Everything below from the line with "电力设备与新能源行业周报：9月电动车产销新高，风电开启高景气周期" through the line with "出库怎么把握打轮时机避免车辆刮蹭？" should be copied exactly, and nothing else; leave out the pictures.

======== RECORD SET ========

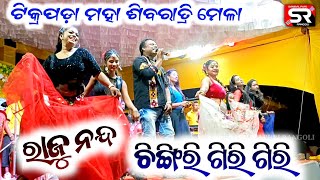 Chingiri giri giriRaju nandaRasmalei melodyMahashivratri mela tikrapada programvairal songs [upl. by Htebazie]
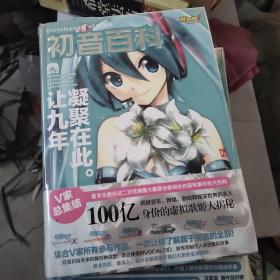 初音百科 走进台前幕后的初音大家族 含光盘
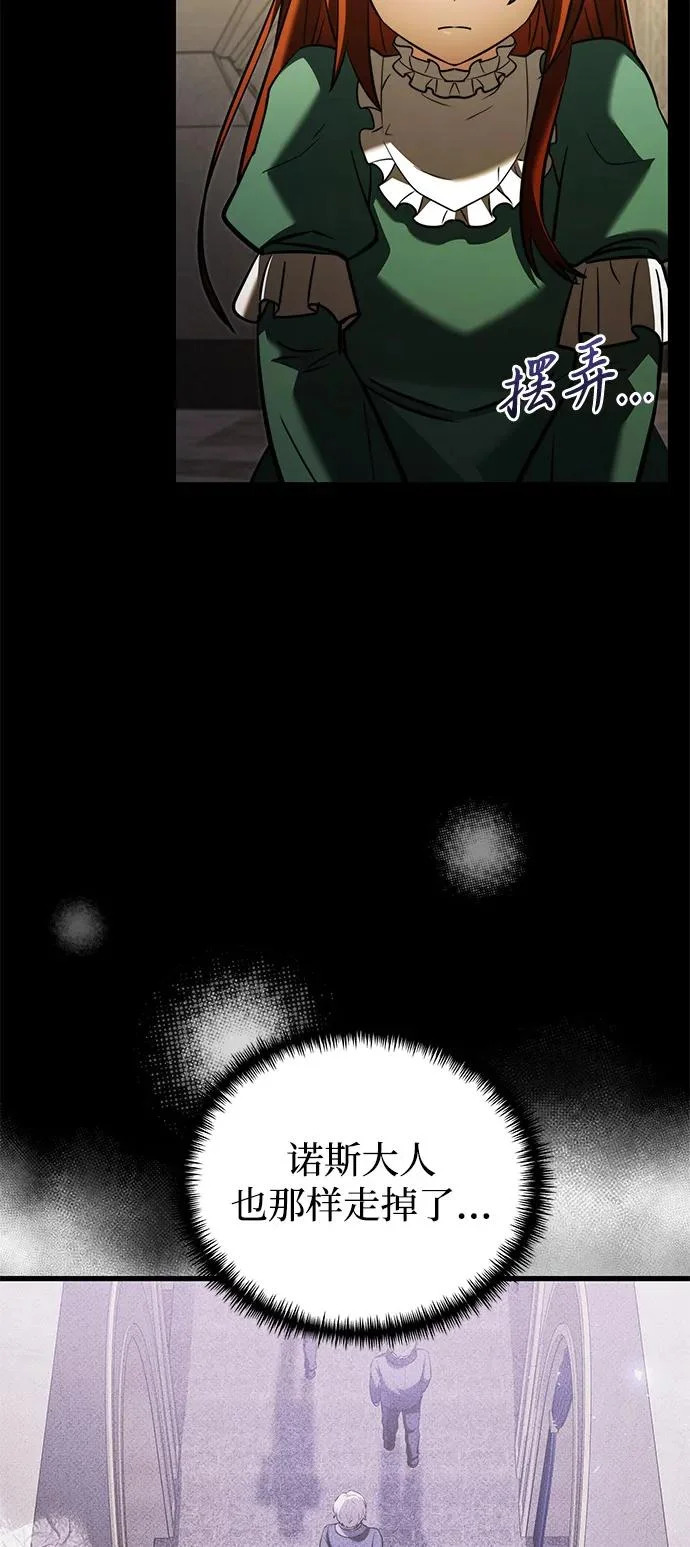 第2季 第46话 第32页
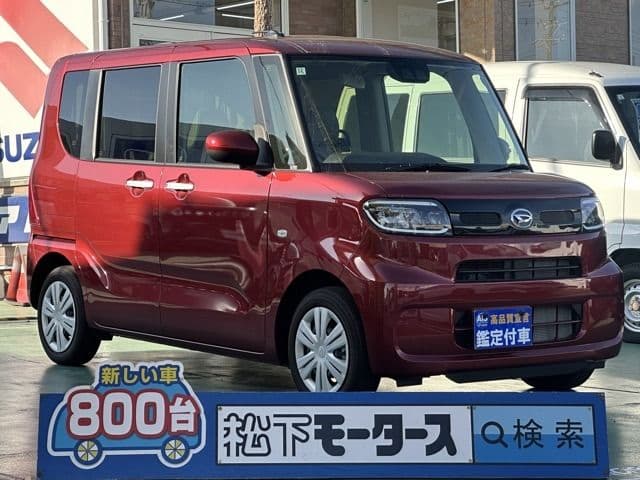 DAIHATSU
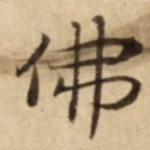 佛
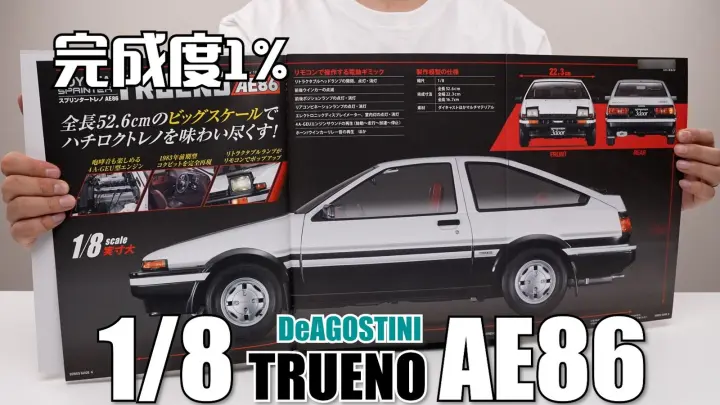 [Opening a new pit] Happy to jump in place! DeAGOSTINI Weekly Magazine 1/8 AE86 First Issue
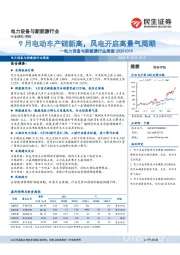 电力设备与新能源行业周报：9月电动车产销新高，风电开启高景气周期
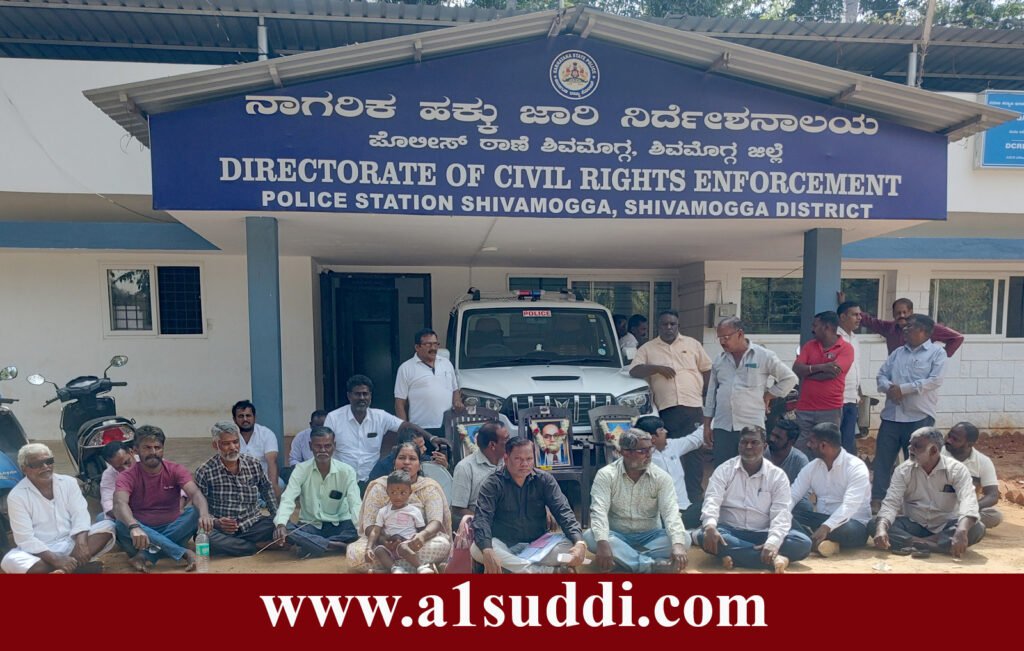 ತಪ್ಪಿತಸ್ಥರ ವಿರುದ್ದ ಕ್ರಮಕ್ಕೆ ಆಗ್ರಹಿಸಿ ಡಿಎಸ್ಎಸ್ ಪ್ರತಿಭಟನೆ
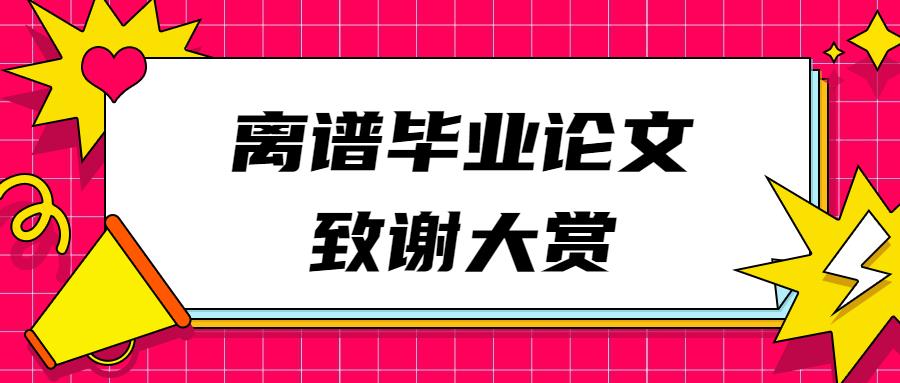 离谱毕业论文致谢大赏好家伙真敢写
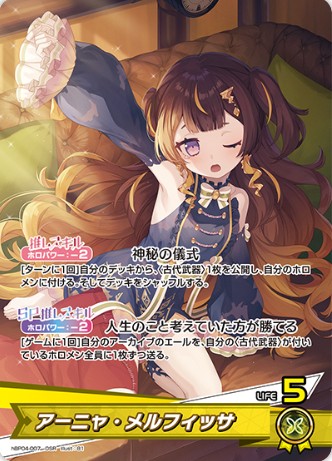 OSR アーニャ・メルフィッサ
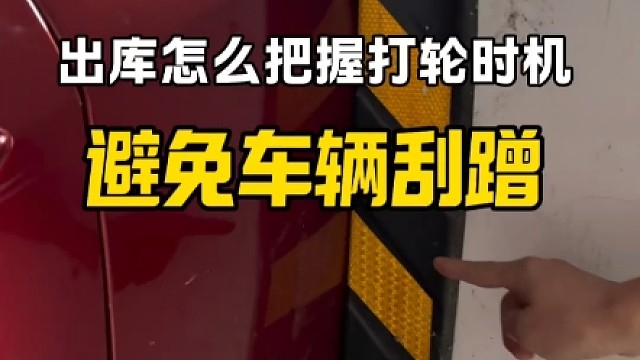 出库怎么把握打轮时机避免车辆刮蹭？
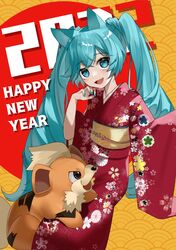  2022 animal_ears aqua_eyes aqua_hair aqua_nails claws commentary crossover female floral_print growlithe happy_new_year hatsune_miku highres japanese_clothes kimono kimono_dress looking_at_viewer nail_polish new_year oerba_yun_fang open_mouth pokemon pokemon_(creature) red_kimono reirou_(chokoonnpu) smile twintails vocaloid 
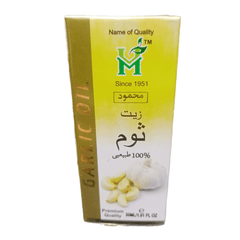 Roghan Garlic (Garlic Oil) 25ml - Pure & Natural - Elite Cosmetics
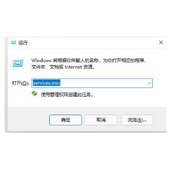 Win11图标闪烁不停怎么办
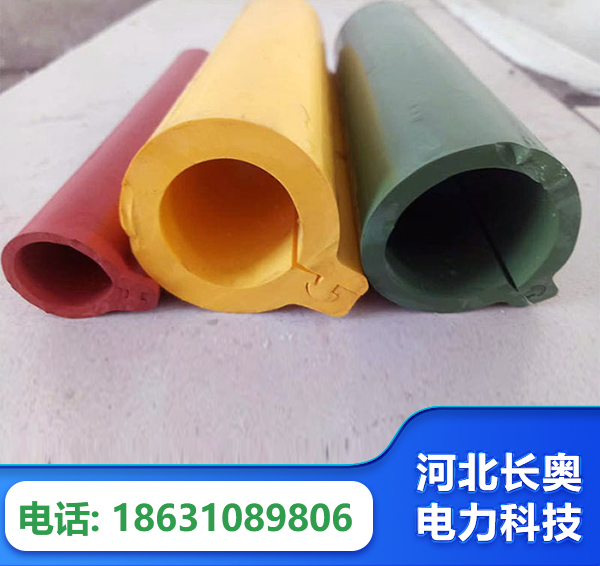 德阳绝缘护套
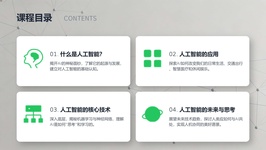 课程截图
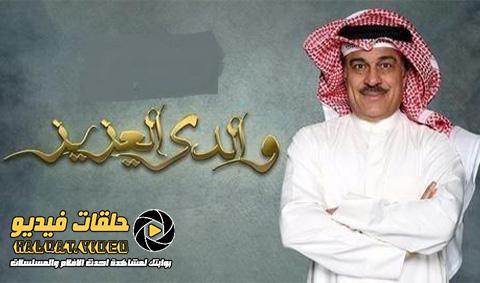 aaassww133's tweet photo. #مسلسل #والدي_العزيز  25 #الغاء_الاختبارات
https://t.co/zTP12trLCm https://t.co/KbkimY3GHD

========

• [YOUR RESPONSE]
 电力设备与新能源行业周报：9月电动车产销新高，风电开启高景气周期
 ತಪ್ಪಿತಸ್ಥರ ವಿರುದ್ದ ಕ್ರಮಕ್ಕೆ ಆಗ್ರಹಿಸಿ ಡಿಎಸ್ಎಸ್ ಪ್ರತಿಭಟನೆ
 离谱毕业论文致谢大赏好家伙真敢写
 OSR アーニャ・メルフィッサ
 出库怎么把握打轮时机避免车辆刮蹭？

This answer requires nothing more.